● What is being asked
Without the images, print every line of the material below exactly as given.

● Exercise materials
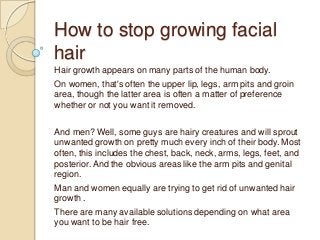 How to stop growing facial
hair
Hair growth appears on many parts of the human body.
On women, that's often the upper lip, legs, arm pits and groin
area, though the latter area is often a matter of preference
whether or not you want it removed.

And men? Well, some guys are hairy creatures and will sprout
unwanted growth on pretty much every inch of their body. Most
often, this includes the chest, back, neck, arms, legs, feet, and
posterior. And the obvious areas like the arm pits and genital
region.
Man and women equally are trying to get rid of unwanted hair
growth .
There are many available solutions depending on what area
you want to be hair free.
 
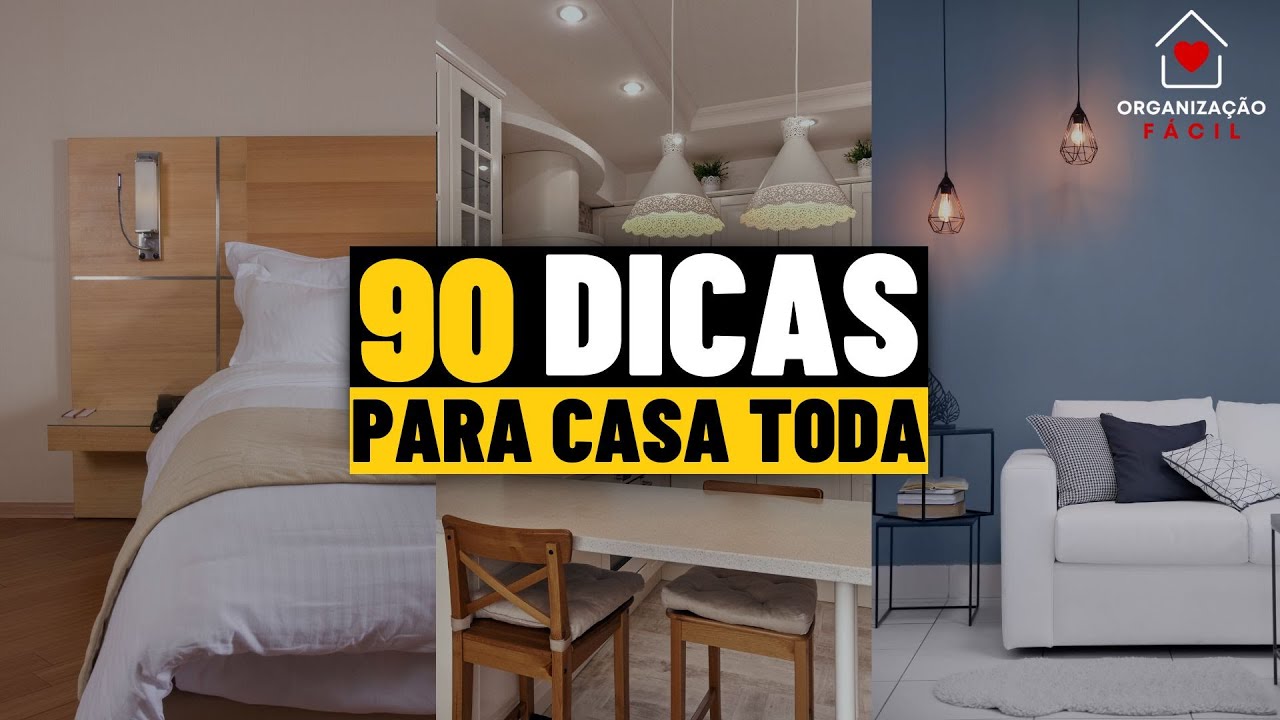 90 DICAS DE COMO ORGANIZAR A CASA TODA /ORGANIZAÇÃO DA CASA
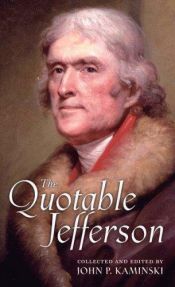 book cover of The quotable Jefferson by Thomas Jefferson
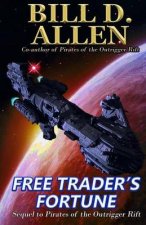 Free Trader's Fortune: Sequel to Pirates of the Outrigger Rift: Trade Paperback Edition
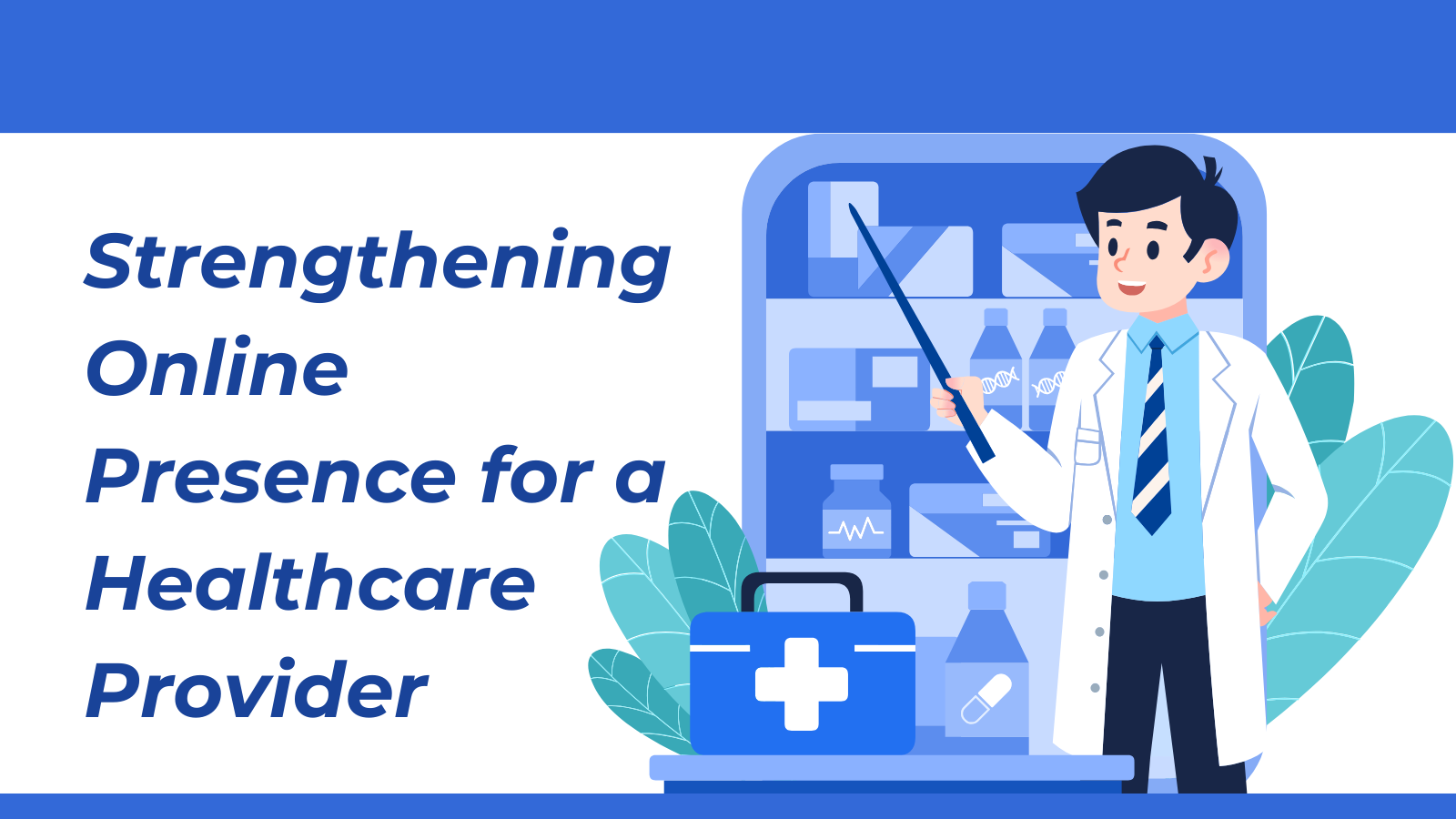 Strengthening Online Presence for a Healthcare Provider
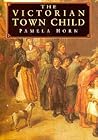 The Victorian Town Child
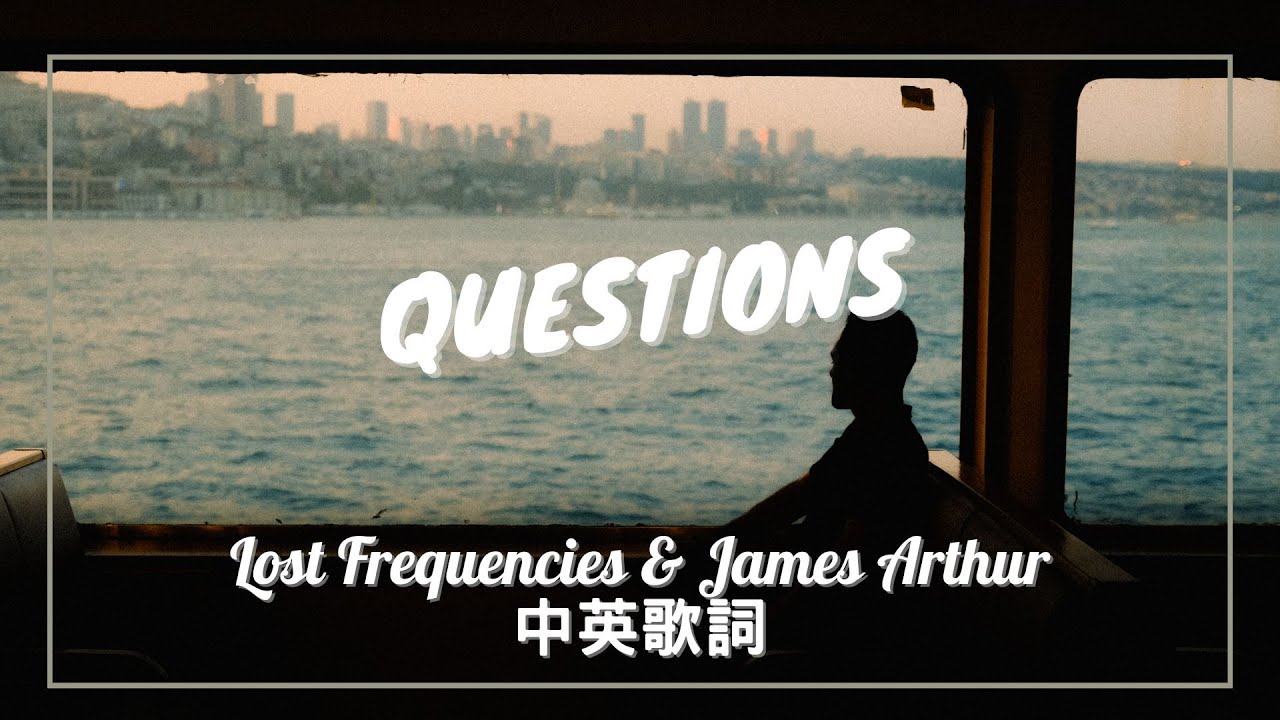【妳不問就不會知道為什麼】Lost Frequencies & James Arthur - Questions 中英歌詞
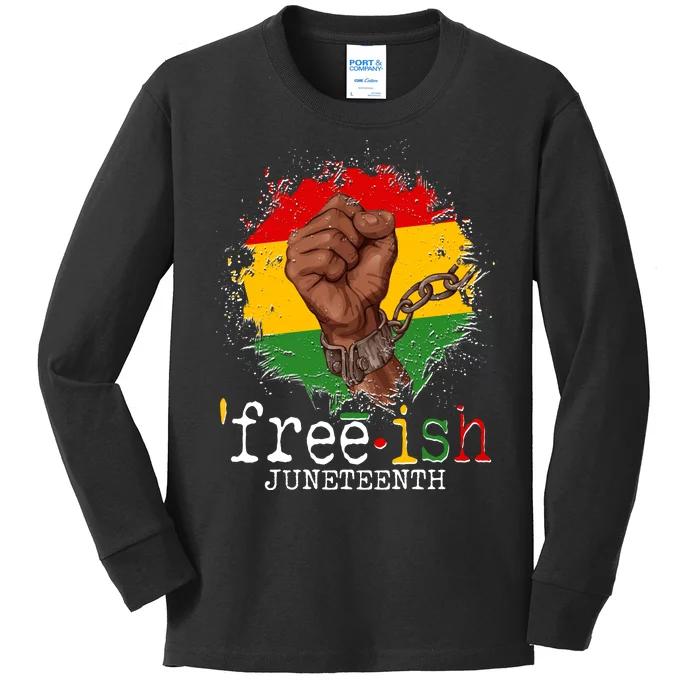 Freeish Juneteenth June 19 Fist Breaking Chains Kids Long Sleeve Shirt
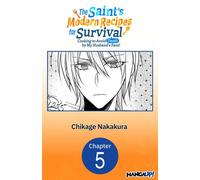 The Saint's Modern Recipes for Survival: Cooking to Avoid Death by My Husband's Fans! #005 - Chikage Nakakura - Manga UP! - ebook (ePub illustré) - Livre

● Task solution
 How to stop growing facial
hair
Hair growth appears on many parts of the human body.
On women, that's often the upper lip, legs, arm pits and groin
area, though the latter area is often a matter of preference
whether or not you want it removed.

And men? Well, some guys are hairy creatures and will sprout
unwanted growth on pretty much every inch of their body. Most
often, this includes the chest, back, neck, arms, legs, feet, and
posterior. And the obvious areas like the arm pits and genital
region.
Man and women equally are trying to get rid of unwanted hair
growth .
There are many available solutions depending on what area
you want to be hair free.
 
 90 DICAS DE COMO ORGANIZAR A CASA TODA /ORGANIZAÇÃO DA CASA
 book cover of The quotable Jefferson by Thomas Jefferson
 Free Trader's Fortune: Sequel to Pirates of the Outrigger Rift: Trade Paperback Edition
 Strengthening Online Presence for a Healthcare Provider
 The Victorian Town Child
【妳不問就不會知道為什麼】Lost Frequencies & James Arthur - Questions 中英歌詞
 Freeish Juneteenth June 19 Fist Breaking Chains Kids Long Sleeve Shirt
 The Saint's Modern Recipes for Survival: Cooking to Avoid Death by My Husband's Fans! #005 - Chikage Nakakura - Manga UP! - ebook (ePub illustré) - Livre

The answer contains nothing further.